TASK TO COMPLETE:
Copy only what lies from the line containing "Blick über Innsbruck auf die Inntalkette" through the line containing "152d3fa6-ad82-483f-96ac-ff1be2f04951" in the entries below, keeping both end lines exact and dropping every picture.

Source data:
_ _ _

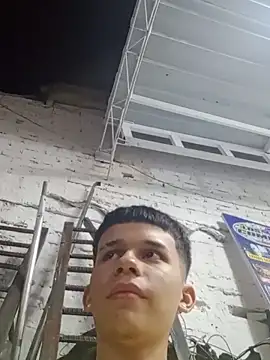 Snapshot of Daniel97Quintero chatting on 03-03-26, 04:19 Daniel97Quintero online show from 03-03-26, 04:19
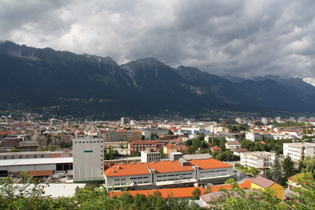 Blick über Innsbruck auf die Inntalkette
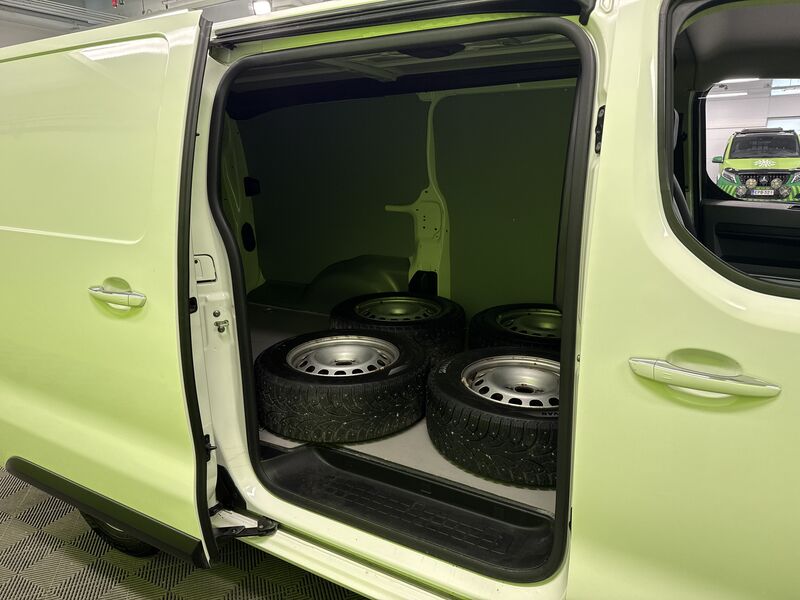 Opel Vivaro vaihtoauto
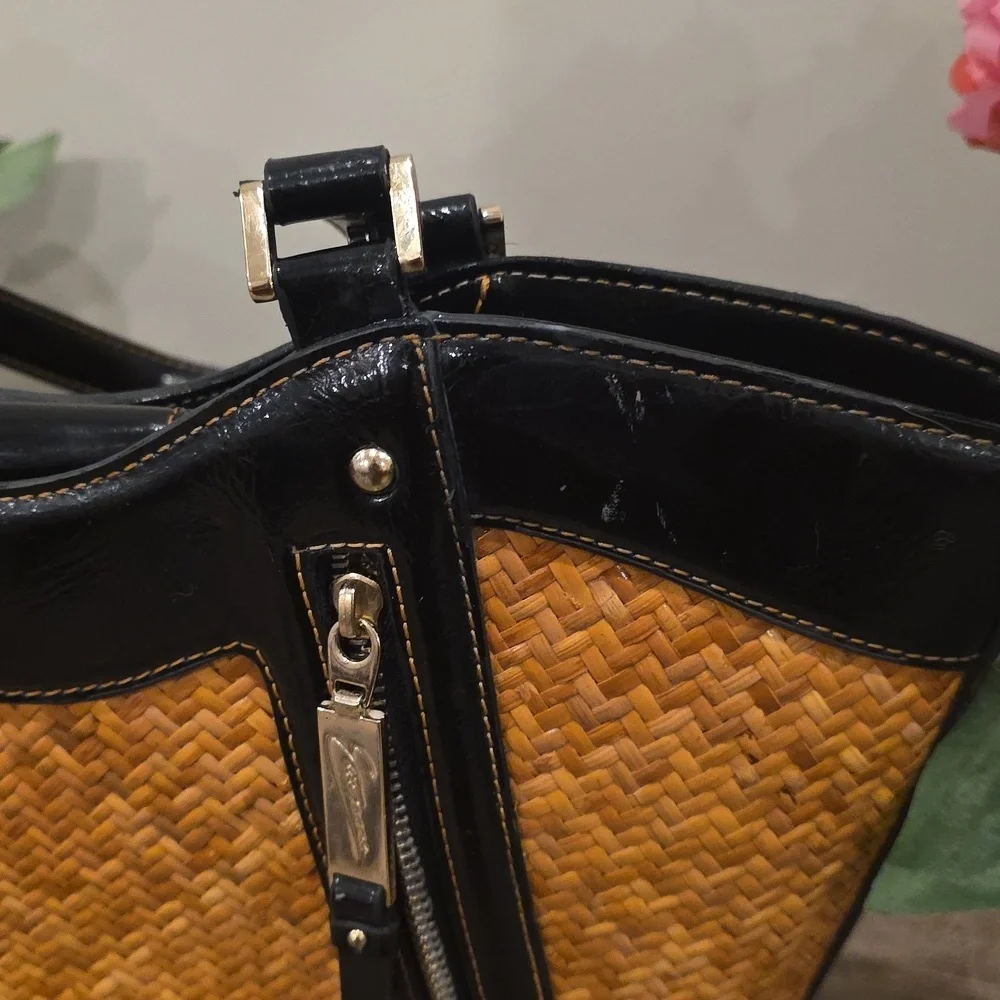 Etienne Collection PRIVEE' Woven And PATENT LEATHER TOTE - Picture 11 of 13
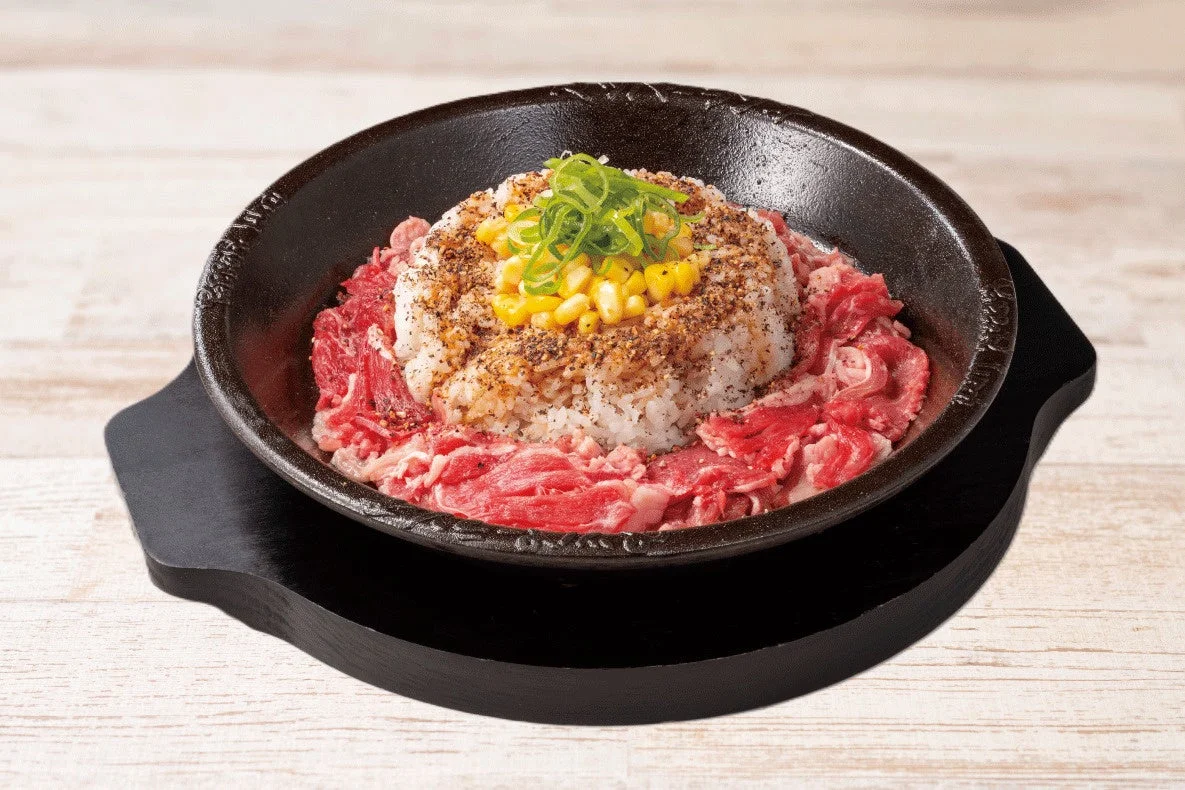 鉄板で焼かれるビーフペッパーライス
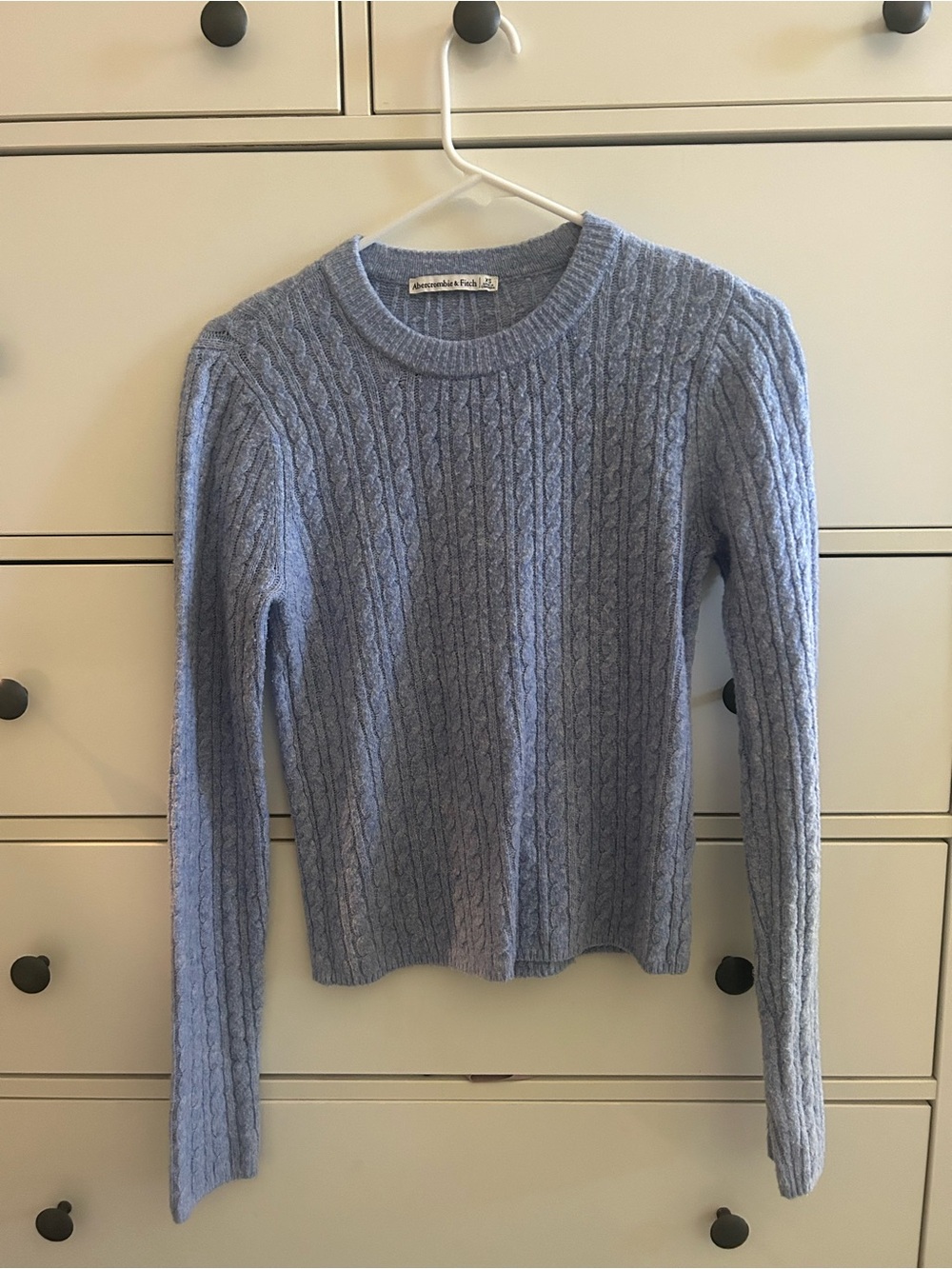 Abercrombie & Fitch Periwinkle Cable Knit Crewneck Sweater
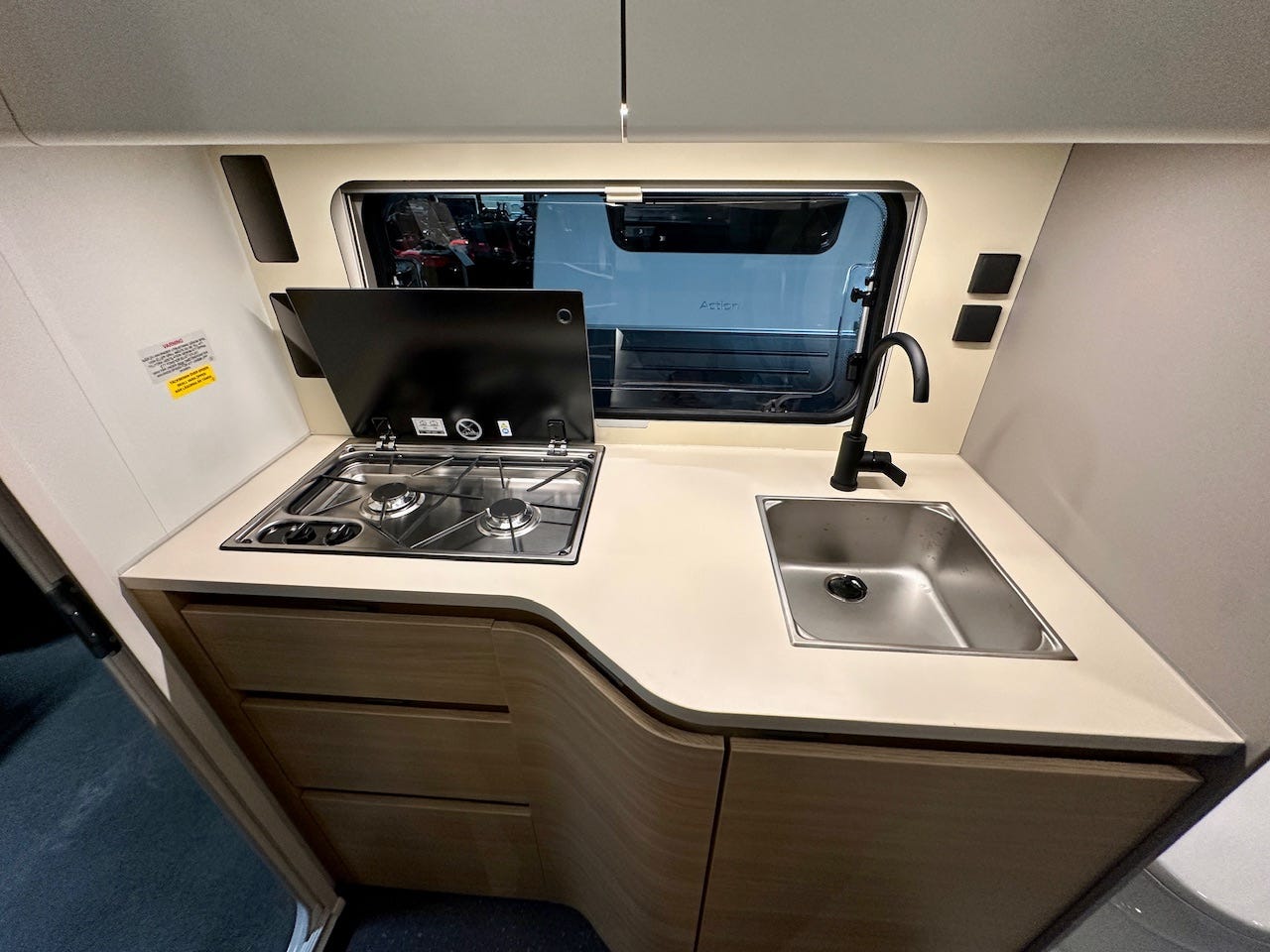 152d3fa6-ad82-483f-96ac-ff1be2f04951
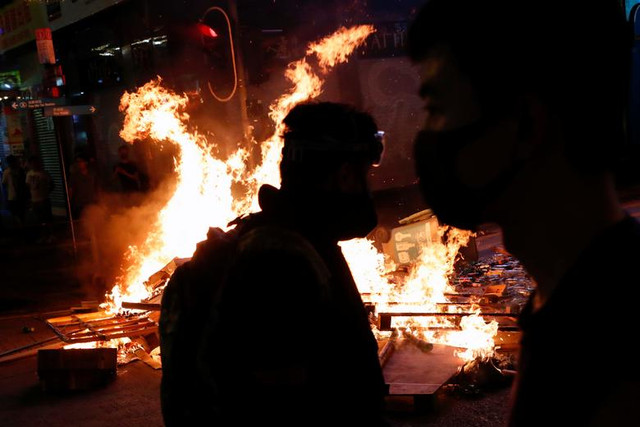 Hong Kong vẫn chìm trong khói lửa dù rút dự luật dẫn độ - Hình 7 Hong Kong van chim trong khoi lua du rut du luat dan do-Hinh-7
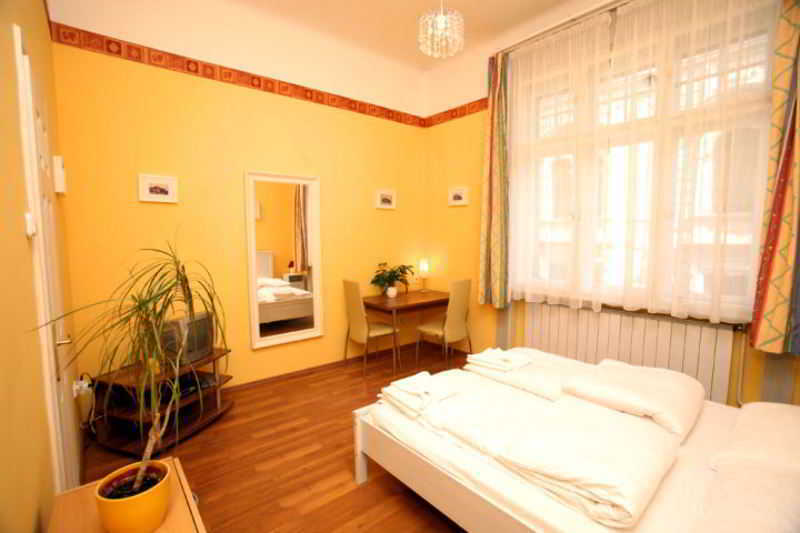 Club Apartments & Rooms بودابست المظهر الخارجي الصورة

_ _ _

PROBLEM SOLUTION:
 Blick über Innsbruck auf die Inntalkette
 Opel Vivaro vaihtoauto
 Etienne Collection PRIVEE' Woven And PATENT LEATHER TOTE - Picture 11 of 13
 鉄板で焼かれるビーフペッパーライス
 Abercrombie & Fitch Periwinkle Cable Knit Crewneck Sweater
 152d3fa6-ad82-483f-96ac-ff1be2f04951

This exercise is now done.